PROVIDED INFORMATION:

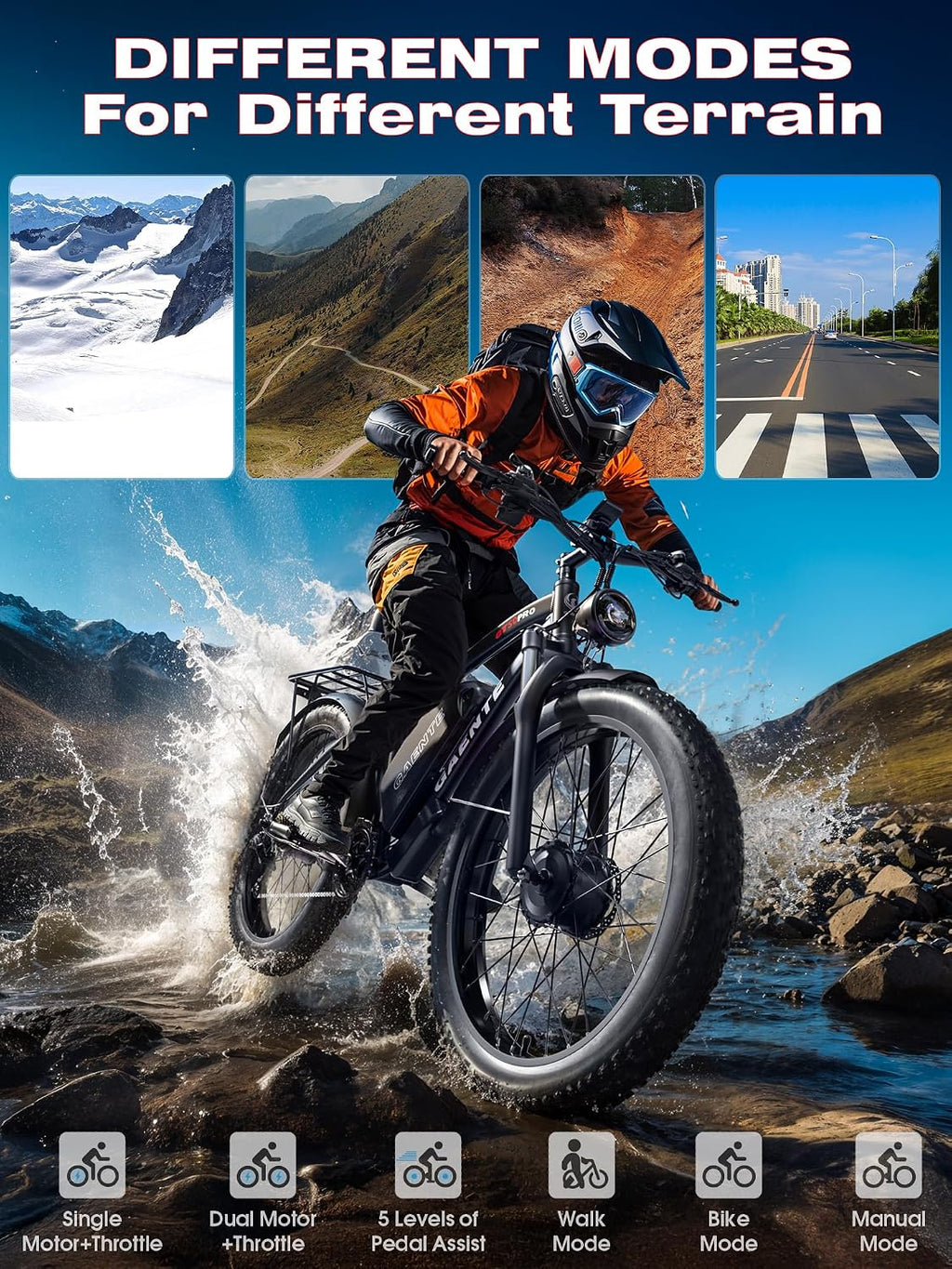 Electric Bike for Adults 9000w Peak Dual Motor Electric Bicycle 58V32Ah, 24'x4' Fat Tire Mountain E-Bike with Hydraulic Disc Brakes, Off-Road & Commuting (UL Certified)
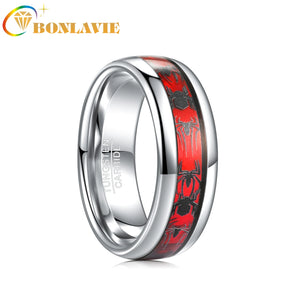 8mm Tungsten Carbide Steel Ring Red Opal Spider Motif Men's Wedding Band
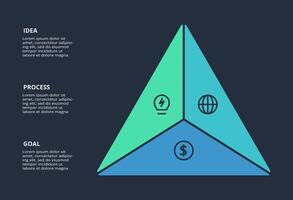 Circle dark infographic with 3 elements template for web on a black background, business, presentation. vector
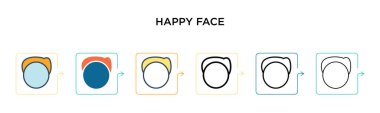 Mutlu yüz vektör simgesi 6 farklı modern stilde. Siyah, doldurulmuş, ana hatları çizilmiş, çizgi ve vuruş tarzında iki renkli mutlu yüz simgesi. Vektör illüstrasyonu ağ, mobil, ui için kullanılabilir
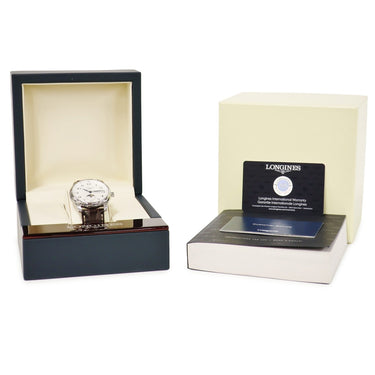 腕時計 ロンジン LONGINES マスターコレクション ムーンフェイズ L2.909.4.78.3 自動巻き メンズ OH済 デイト バーリーコーン 青針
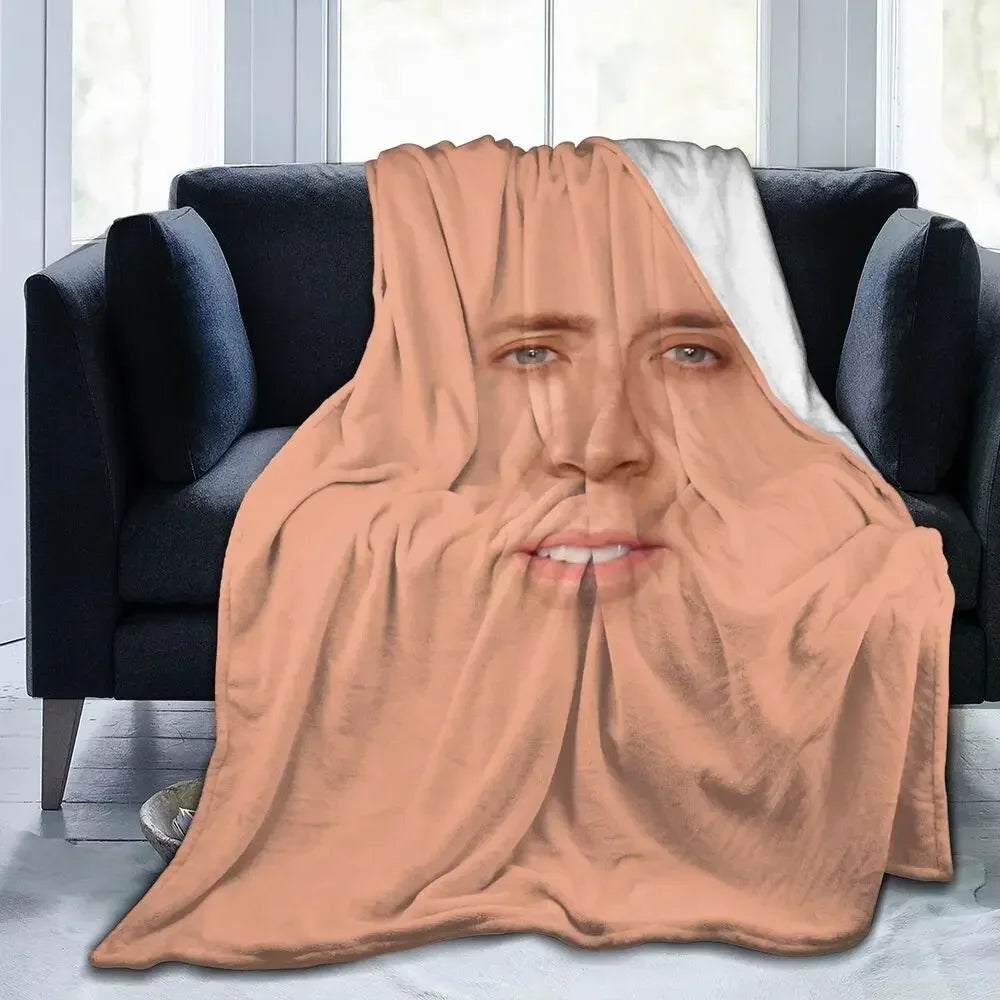 Nicolas Cage - Face Blanket Soft Warm Flannel Throw Blanket Bedding for Bed Living room Picnic Travel Home Sofa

THE PROBLEM:
Where a record holds a picture, leave the picture out and restate the rest word for word.

SOLUTION TO THIS EXERCISE:
 Electric Bike for Adults 9000w Peak Dual Motor Electric Bicycle 58V32Ah, 24'x4' Fat Tire Mountain E-Bike with Hydraulic Disc Brakes, Off-Road & Commuting (UL Certified)
 8mm Tungsten Carbide Steel Ring Red Opal Spider Motif Men's Wedding Band
 Circle dark infographic with 3 elements template for web on a black background, business, presentation. vector
 Mutlu yüz vektör simgesi 6 farklı modern stilde. Siyah, doldurulmuş, ana hatları çizilmiş, çizgi ve vuruş tarzında iki renkli mutlu yüz simgesi. Vektör illüstrasyonu ağ, mobil, ui için kullanılabilir
 腕時計 ロンジン LONGINES マスターコレクション ムーンフェイズ L2.909.4.78.3 自動巻き メンズ OH済 デイト バーリーコーン 青針
 Nicolas Cage - Face Blanket Soft Warm Flannel Throw Blanket Bedding for Bed Living room Picnic Travel Home Sofa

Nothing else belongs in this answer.